Praise be to the God and Father of our Lord Jesus Christ, who has blessed us in the heavenly realms with every spiritual blessing in Christ. For he chose us in him before the creation of the world to be holy and blameless in his sight. In love he predestined us for adoption to sonship through Jesus Christ, in accordance with his pleasure and will— to the praise of his glorious grace,which he has freely given us in the One he loves. In him we have redemption through his blood, the forgiveness of sins, in accordance with the riches of God’s grace that he lavished on us. With all wisdom and understanding, he made known to us the mystery of his will according to his good pleasure, which he purposed in Christ, to be put into effect when the times reach their fulfillment—to bring unity to all things in heaven and on earth under Christ. (Ephesians 1:3-10)We were advancing through adolescence into adulthood, into our place as heirs. It was time to take our place and understand the mystery of His will through the ages.
At different ages, we saw God differently. We understood Him differently because there was only so much we could understand. There is still only so much that we can understand! I believe that it was out of His great, Fatherly love for the people He had created that He also has engaged with us differently over the centuries and millenia. God is the same. His people change though.

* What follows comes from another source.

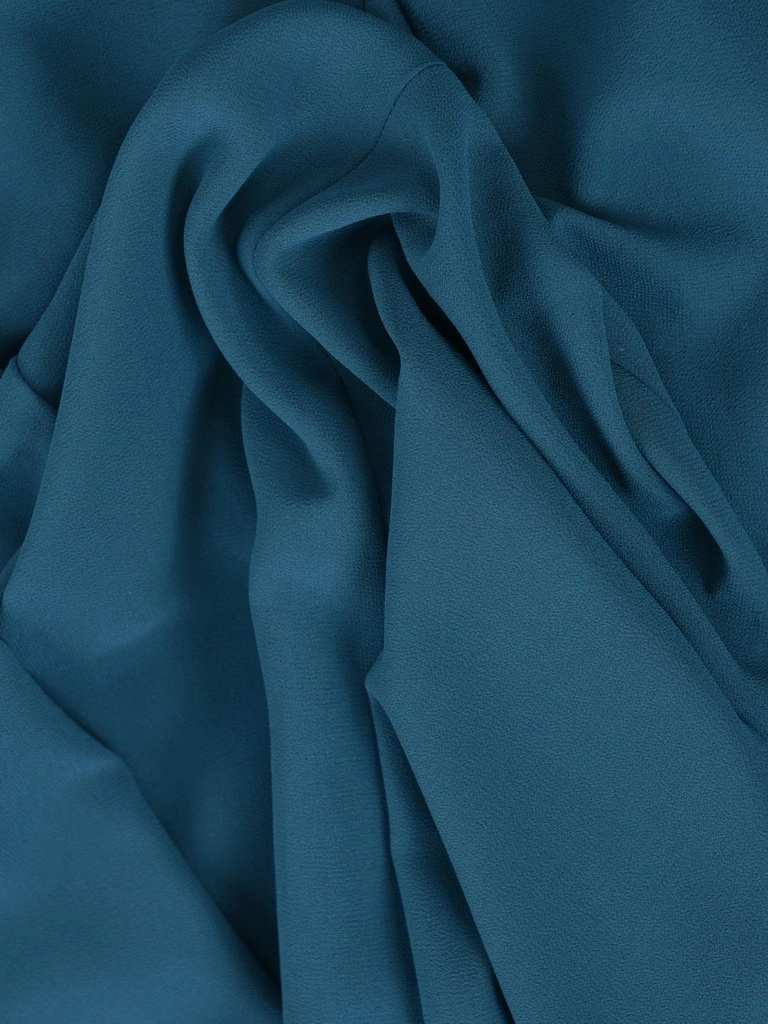 Elegancka sukienka rozkloszowana na wesele morska – zaszewki wysmuklające sylwetkę 23144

This is encouraging to me as I move through life myself. There have been times that I have experienced God very differently from other times. There are times when I've looked back and wondered, "If I felt the Spirit moving so powerfully then, but I'm not feeling/seeing that now, how do I get that back? He hasn't changed, so I must have. Maybe I need to fix something or go back to my old ways somehow." I think this can be a worthwhile question to ask. Do I have any sin that is keeping me from closer relationship with God? However, often, I recognize that I wasn't any "better" of a Christian back then, and that realization can leave me feeling discontent, like God's not holding up His end of the deal anymore. Perhaps, though, I'm just growing up. Perhaps, it's that simple. It IS that I've changed, but that doesn't mean that I'm doing anything wrong now, and it certainly doesn't mean that I'm not growing now if I don't see/feel Him working in the same way I felt during growth periods in the past. He is a wise Papa. He knows what I need, when I need it.

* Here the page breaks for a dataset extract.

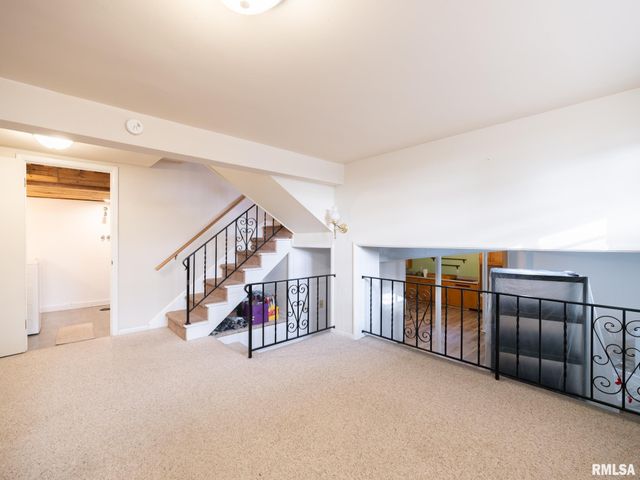 1703 W CLAREWOOD Avenue, Peoria, IL 61614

I'm not sure that I've grown UP in Him much over the last year, but I think my roots into Him may have sunk deeper. I've weathered some storms and found Him to truly be the Rock. I haven't really learned many new great theological truths recently, but there are some things that I used to know that now I KNOW. I KNOW that God is my Rock. I KNOW that He is the only firm and steady place upon which I can build my life. I KNOW that He will faithfully remain steady despite what is storming around me. He hasn't changed at all, but I have. I suppose as my loving Father, He knows that I need to not just grow straight up all the time, I need to sink my roots deeper and wider into Him too.
I, so often, want to try to control my own spiritual growth. I've been reminded again today that the God who Fathers and matures His people over centuries and millenia can surely be trusted to Father and mature me over my lifetime. I've been shown that changes in my relationship with Him are to be expected because He's maturing me. I am changing, and He knows what I need for each age and stage. Father truly knows best.